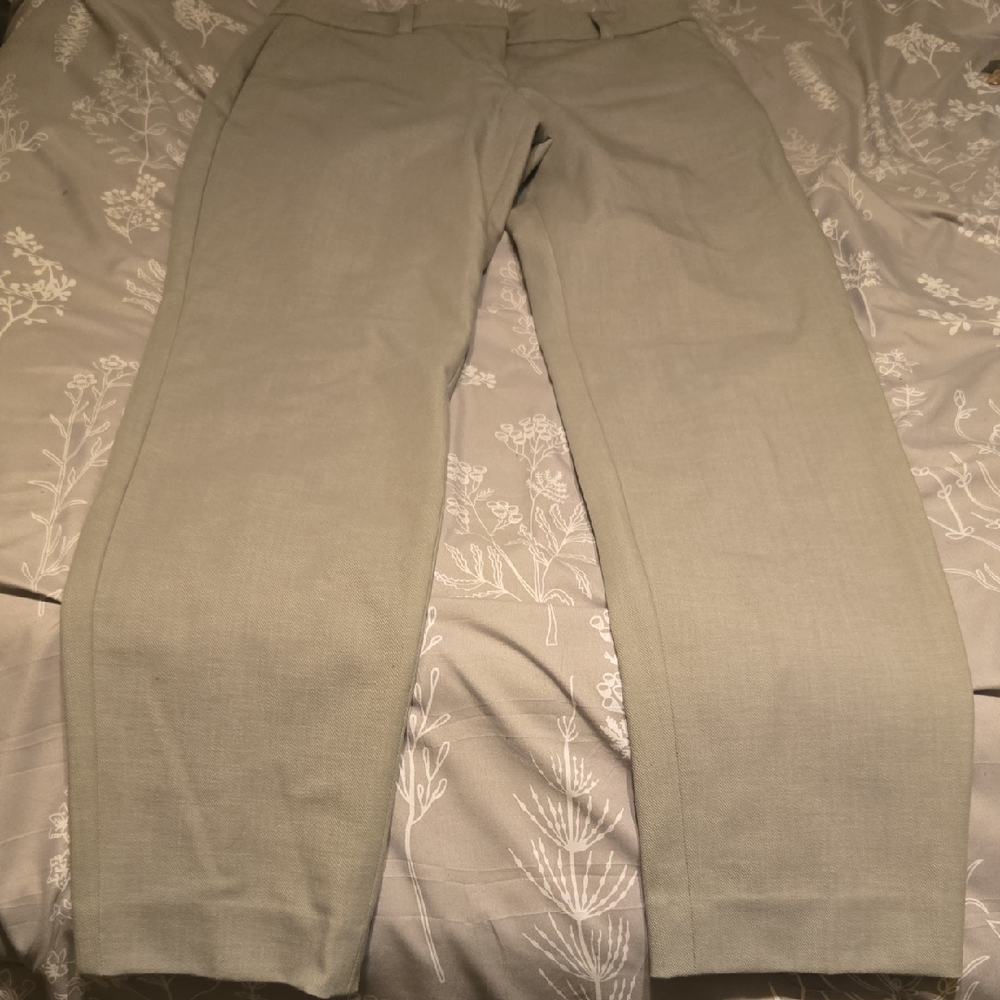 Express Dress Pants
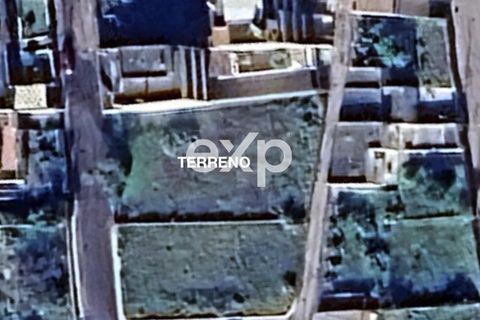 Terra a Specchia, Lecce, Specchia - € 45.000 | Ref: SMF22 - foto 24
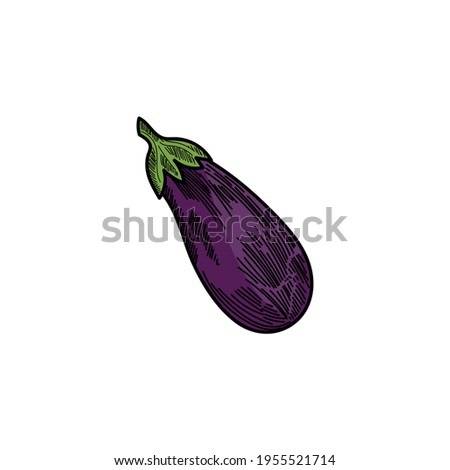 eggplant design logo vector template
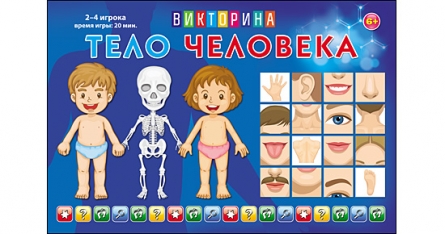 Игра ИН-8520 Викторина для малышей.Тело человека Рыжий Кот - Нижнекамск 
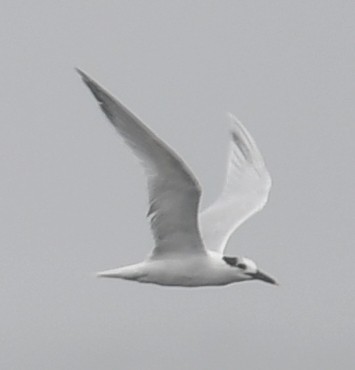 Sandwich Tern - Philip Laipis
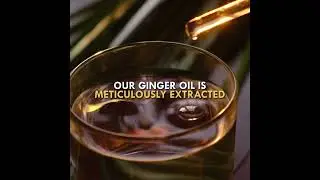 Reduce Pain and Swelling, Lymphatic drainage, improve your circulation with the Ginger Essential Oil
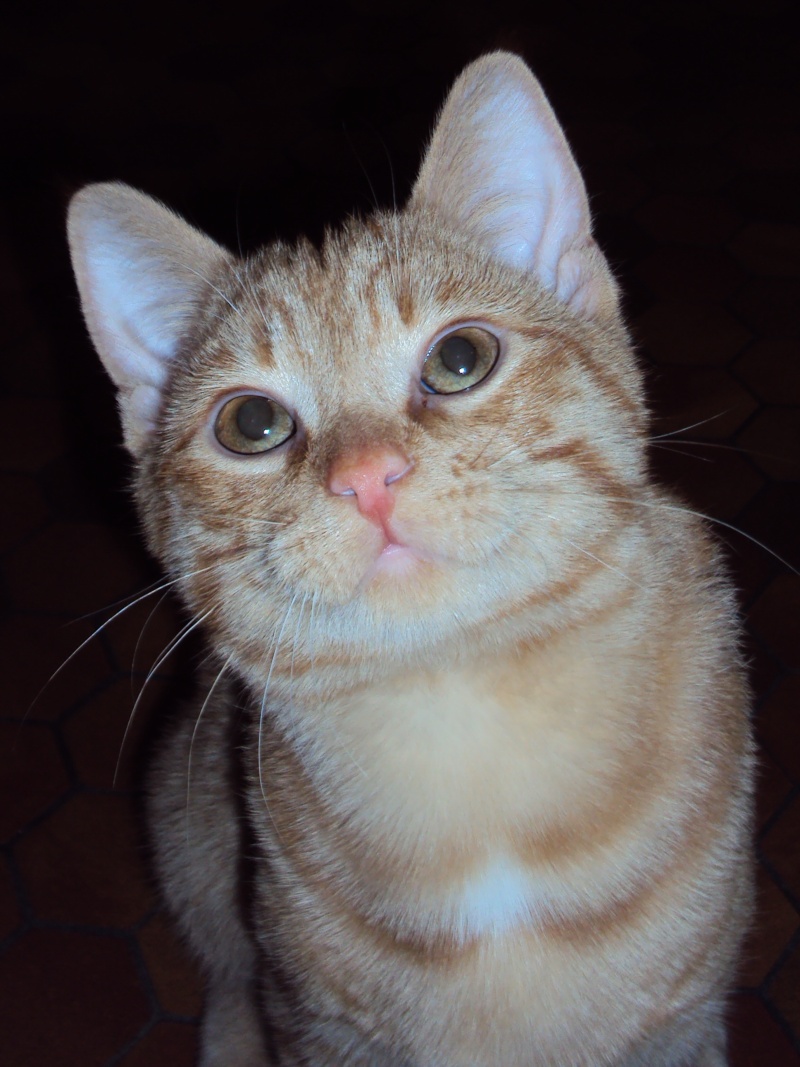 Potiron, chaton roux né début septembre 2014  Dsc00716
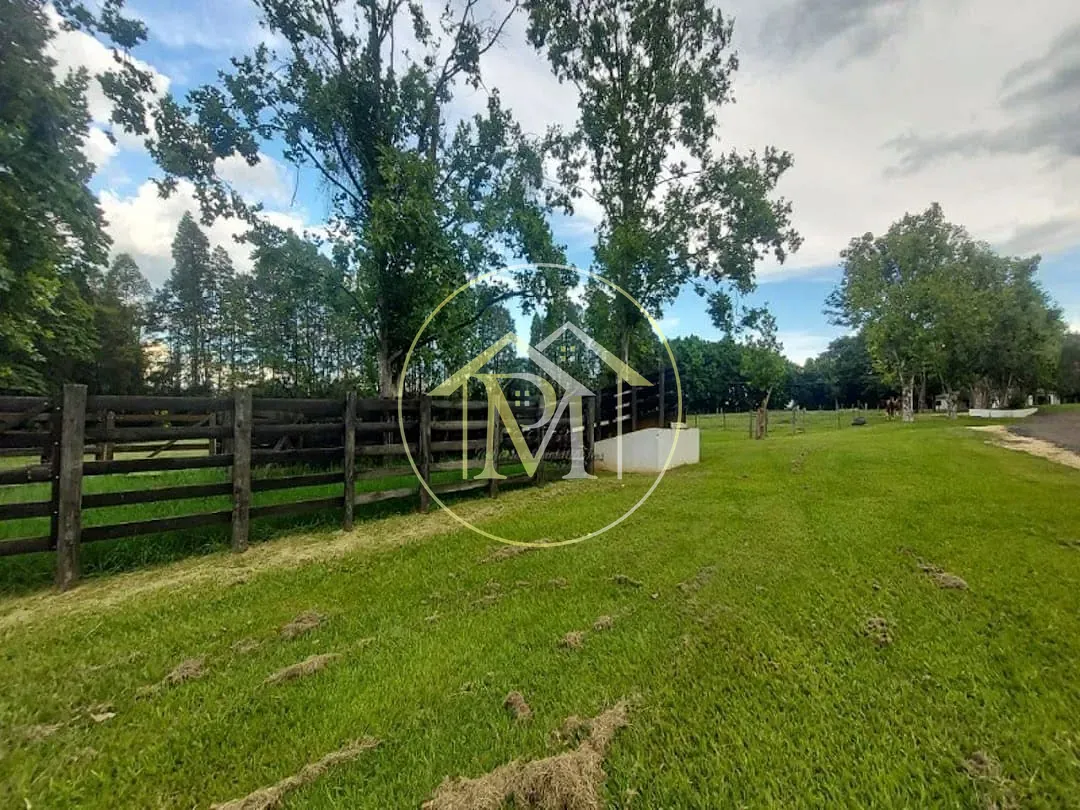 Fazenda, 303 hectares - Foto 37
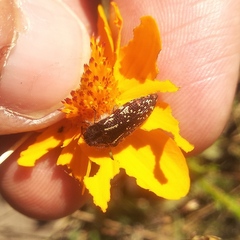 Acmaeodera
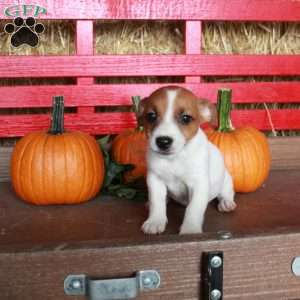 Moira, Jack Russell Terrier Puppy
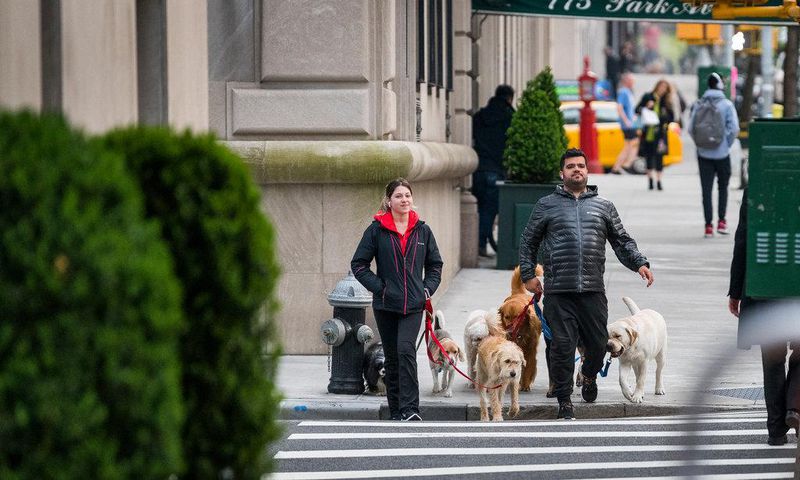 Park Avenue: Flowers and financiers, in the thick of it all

==

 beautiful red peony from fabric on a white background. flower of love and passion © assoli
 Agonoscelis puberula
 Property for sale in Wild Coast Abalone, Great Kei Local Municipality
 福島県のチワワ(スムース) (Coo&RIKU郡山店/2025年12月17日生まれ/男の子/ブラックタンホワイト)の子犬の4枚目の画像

> What to produce: From the records above, copy exactly the lines starting at the one with "Express Dress Pants" and ending at the one with "Park Avenue: Flowers", and no others. Pictures stay out.

> Finished task:
 Express Dress Pants
 Terra a Specchia, Lecce, Specchia - € 45.000 | Ref: SMF22 - foto 24
 eggplant design logo vector template
 Игра ИН-8520 Викторина для малышей.Тело человека Рыжий Кот - Нижнекамск 
 Sandwich Tern - Philip Laipis
 Reduce Pain and Swelling, Lymphatic drainage, improve your circulation with the Ginger Essential Oil
 Potiron, chaton roux né début septembre 2014  Dsc00716
 Fazenda, 303 hectares - Foto 37
 Acmaeodera
 Moira, Jack Russell Terrier Puppy
 Park Avenue: Flowers and financiers, in the thick of it all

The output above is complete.